Covered Muni Funds- what to look for?

**typo- should read Closed end Muni Funds So I’m following a couple closed end muni funds that are selling at a ~35% to NAV and yielding ~10%. What should my concerns be? Are their any particular pointers anyone can provide as to what the dealbreakers might be? Administrator shows assets as well diversified (as well as a muni fund can be anyway) as far as regions, with no more than 1.5% of assets in any one note. Also average credit rating is A and its 25% pre-refunded. Do I need to be looking at maturity, callability, etc?? Thx for the pointers- I have no experience in this realm but it seams like a good opportunity considering tax free income.

I can think of 2 risks du jour some of them have leverage, and getting that leverage funded is getting more expensive. some muni markets are locked up (see auction rate securities). The principal on these bonds is fixed and they may be accounting for them at this fixed principal even though no one will buy them for that price. In fact, they could be stuck with some of these.
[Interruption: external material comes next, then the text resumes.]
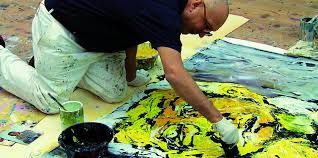 Sie umfasst mehr als 1.200 gemälde und 300 skulpturen, darunter werke von emil nolde, georg baselitz, neo rauch und gerhard richter. Dokumentarfilm Georg Baselitz Der Zweitberuhmteste Sachse Taz De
Some I follow haven’t “cleared” in 3 months

virginCFAhooker Wrote: ------------------------------------------------------- Some I follow haven’t “cleared” in > 3 months Can you explain more please? What do you mean by ‘Cleared’? Is the NAV market to mkt? If so- is that value reliable?- any idea if its a daily recalculation?

Can I ask which state? I’ve been following Massachusetts bonds and funds for a while.

if the cef holds auction rate muni bonds then it is possible they are sitting on a bunch that aren’t liquid. Google around for stories about auction rate securities. A lot of them have been refi’d into traditional fixed term bonds but there are still a lot out there. Most of the ones that are left don’t have the egrigious penalty interest rates so the municipality has no motivation to refi.

I’m looking at CA. Virgin- When you are referring to auction rates, is the concern that the municipalities cannot get the cash to pay principal @ maturity? I plan on being in relatively LT, and its a closed end fund- so I guess that is the concern right? I guess that a longer average duration would be better than- meaning more time for credit mkts to relax before the notes start to mature?? Man, CFA was worthless in this area.

No one talks about paying principal… they always refi into bigger & bigger deals. The premises that you learned in CFA are good… remember G.O. vs. special purpose, etc. Also, you know about the CEF websites like CEFA and ETFconnect.

Let us know what you find! I live in CA, too!